▸ Your instructions
In the entries below, find the line with "The Responses I" and the line with "Fototapeta Naklejka Na"; copy them and every line between them exactly, but not the pictures.

▸ Supplied material
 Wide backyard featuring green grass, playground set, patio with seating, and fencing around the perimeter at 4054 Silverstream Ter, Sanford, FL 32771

==

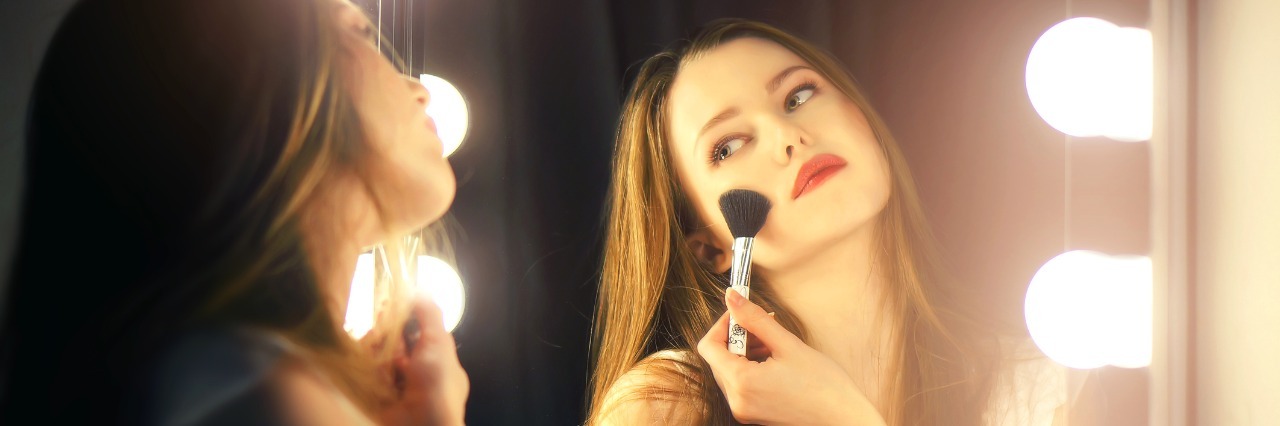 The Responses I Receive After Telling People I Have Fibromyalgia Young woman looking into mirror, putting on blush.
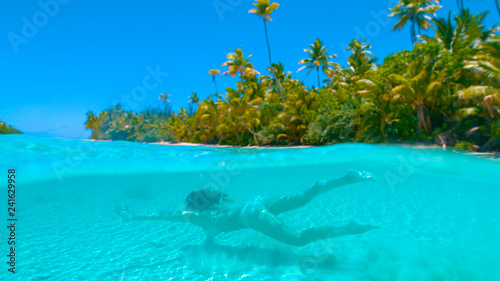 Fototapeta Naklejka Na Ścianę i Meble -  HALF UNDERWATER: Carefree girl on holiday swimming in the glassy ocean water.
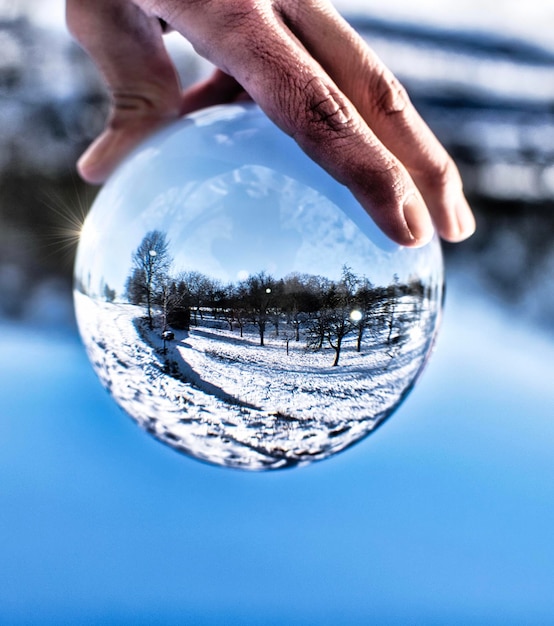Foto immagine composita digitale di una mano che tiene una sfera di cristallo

▸ Problem solution
 The Responses I Receive After Telling People I Have Fibromyalgia Young woman looking into mirror, putting on blush.
 Fototapeta Naklejka Na Ścianę i Meble -  HALF UNDERWATER: Carefree girl on holiday swimming in the glassy ocean water.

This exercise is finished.